Ce n'est pas tout à fait
ce qui conduit à la prison.
Et pourtant, un jour de l'été 2015,
j'ai entendu une petite voix me dire :
« Va en prison ! »
Alors c'est venu de nulle part.
Bien sûr, j'ai rejeté.
Et en même temps,
plus je repoussais cette idée absurde,
plus je me sentais happée par elle,
je ne pouvais plus l'ignorer.
Et n'ayant aucune idée de comment
me retrouver en prison,
j'ai tapé sur Google :
« Prison à San Diego ».
Et cinq mois plus tard,
le 5 décembre 2015,
les grilles de la prison de Donovan,
l'une des 33 prisons d'État
de la Californie, s'ouvre.
Et dès mes premiers échanges
avec les résidents,
je me sens tranquille, à l'aise
comme chez moi...
Et là, mon petit saboteur intérieur
se déchaîne et s'acharne à me démontrer
que je suis tombée sur la tête.
Il questionne tout,
comme une mitraillette :
« Mais qu'est-ce qui te prend ?
Qu'est-ce que quelqu'un comme toi,
avec un Bac + 800, va faire en prison ?
Vas-tu sérieusement passer tes journées
à aider des tueurs, des braqueurs
et des violeurs ?
Et surtout les victimes,
dans tout ça, tu penses à elles ? »
Et pourtant il existe
au plus profond de moi
ce feu brûlant qui paisiblement,
et tout bas, me dit :
« Vas-y, fonce ! Tu as un rôle à y jouer.
Tu le découvriras au fur
et à mesure que tu avances. »
Et donc j'avance en mettant un pied devant
l'autre.
Je vais à la prison de Donovan
trois fois par semaine.
J'y crée et anime plusieurs programmes.
J'ai même l'idée d'y organiser des TEDx.
Vous vous rendez compte ?
Tous les ans, cent personnes
achètent des billets, comme vous,
pour passer la journée en prison.
Elles vivent une journée d'interventions
et d'échanges avec 100 hommes en bleu.
Le tout, organisé par une équipe
de quinze résidents
et réalisé avec l'aide de 70
résidents bénévoles supplémentaires.
Et au fur et à mesure
de mes visites à Donovan,
je réalise que derrière quasiment
tout acte violent,
il existe une histoire unique d'humains
pris dans la violence.
Je comprends petit à petit
que chaque histoire de vie
pourrait avoir une toute nouvelle fin.
Je commence à entrevoir l'idée folle
que pour rompre le cycle
de violence de notre société,
ces résidents sont les mieux placés.
Regardons d'abord comment fonctionne
ce cycle sociétal de la violence.
Il est sans fin.
Les personnes embourbées dedans ont donc
beaucoup de mal à s'en extraire,
même quand elles en ont le désir.
Prenons John par exemple.
John est l'aîné de sept enfants.
Son quotidien n'est que violence,
abus sexuels de son père,
haine et mépris de sa mère droguée.
Un flingue placé
sur la tempe par un voisin,
Sans amour familial, John intègre un gang.

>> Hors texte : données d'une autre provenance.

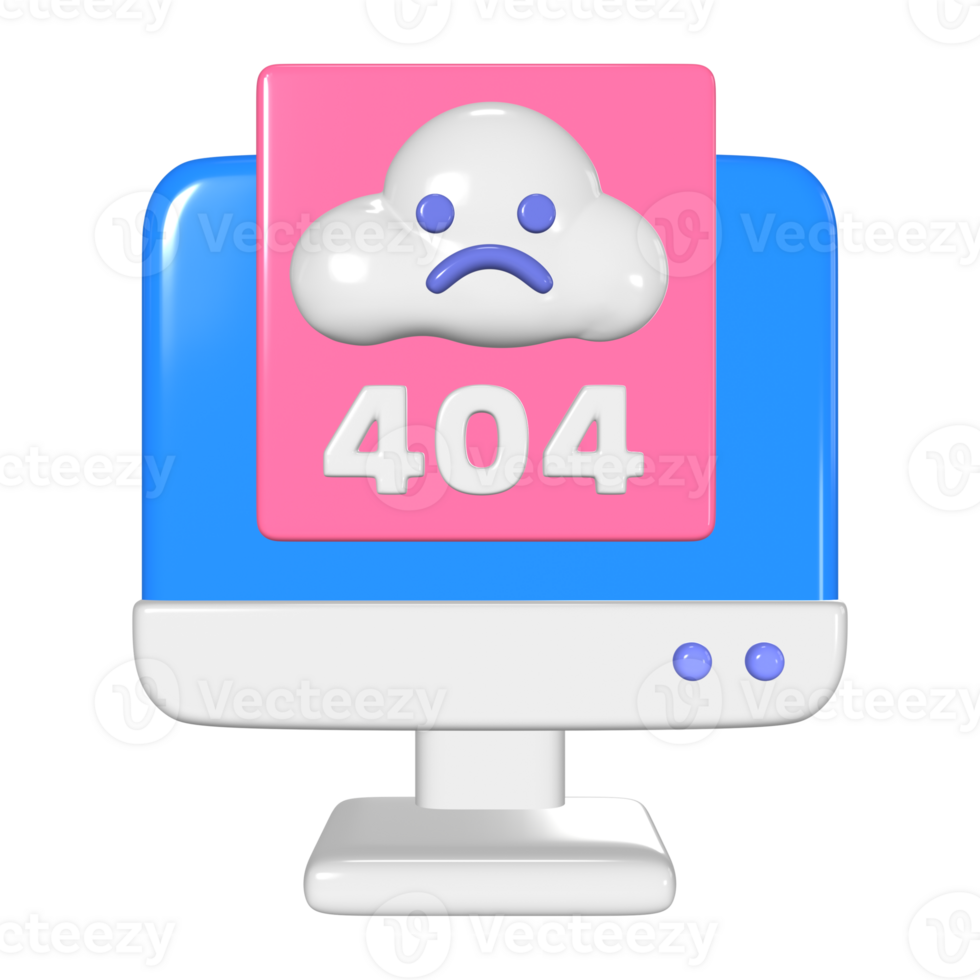 404 Not Found 3D Illustration Icon png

Et pour être reconnu dans ce gang,
il commet des actes violents.
À l'âge de 19 ans,
John est condamné à la prison à vie.
On lui dit qu'il est irrécupérable
et va mourir en prison.
En prison, la violence continue : alcool,
drogues, gangs, viols, poignardages.
Aujourd'hui, John a 42 ans
et son fils a déjà fait plusieurs tours
en centre de détention pour mineurs.
Avec l'histoire de John et bien d'autres,
j'ai compris que les personnes
blessées blessent,
les personnes violentées violentent.
Comme le disent les hommes en bleu,
la violence à répétition crée
une déconnexion d'avec l'humanité.
Et ensuite, c'est simple
de s'en prendre à elle.
C'était donc ça : ils étaient
déconnectés de l'humanité,
et donc ils devaient se reconnecter.
Mais comment faire pour qu'ils retrouvent
en eux-mêmes une raison d'être ?
Eh bien d'abord, à Donovan, nous ne
travaillons qu'avec des résidents
motivés pour sortir
de leur parcours destructeur.
Ce travail ne fonctionne que
s'ils font eux-mêmes ce choix.
Car il nécessite volonté,
vulnérabilité et courage.
Et puis ensuite, on applique
la recette de la mayonnaise.
Vous la connaissez, la recette ?
on prend des œufs, de la moutarde,
et de l'huile que l'on monte dans un bol
sans s'arrêter jusqu'à ce que cela
devienne une émulsion délicieuse.
Alors, chaque fois qu'on se retrouve
en cercle avec les hommes en bleu,
on applique cinq ingrédients :
un, une écoute sans attente
et sans jugement ;
deux, un espace de travail sécurisant
tenu par un cadre intransigeant ;
trois, une responsabilisation totale,
car on place, les résidents au cœur
de quasi toute décision.
quatre, un déblocage
de leur créativité existante ;
et cinq, une mise en relation avec l'autre
pour une découverte amicale.
Et de là découlent dialogue,
ensuite relation, compréhension,
et enfin connexion.
Et comme pour la mayonnaise,
on mélange les cinq ingrédients avec une
présence permanente, sans s'arrêter.
Ce travail prend du temps
et est intensément personnel.
Donc il faut garder le rythme.
Et puis, la magie
transformationnelle prend.
Cette magie, c'est, dans un premier temps,
la transformation de la personne.
Samuel en est un bel exemple.
Tout jeune, Samuel décrète
vouloir être criminel.
Ce choix de vie l'amène
une première fois en prison.
Il participe à des programmes
de réhabilitation,
et il abandonne ses
comportements criminels.
Il sort de prison
mais 50 jours plus tard,
il est de retour en prison,
cette fois avec une peine à vie.
Là, je sélectionne Samuel,
avec neuf autres résidents,
pour faire partie de la première équipe
organisatrice du TEDx.
On applique notre recette
de la mayonnaise,
et au fur et à mesure
de la préparation du TEDx,
j'ai vu Samuel avoir
la vulnérabilité et le courage
de regarder en face sa propre violence.
Il l'a traversée et l'a utilisée
pour en faire sa mayonnaise.
Lors de sa première incarcération,
Samuel a su se conformer
au cadre disciplinaire.
Et lors de sa deuxième,
il a su se reconnecter
à lui-même et à l'humanité.
De tueur dans un gang,
Samuel est devenu bienveillant et positif.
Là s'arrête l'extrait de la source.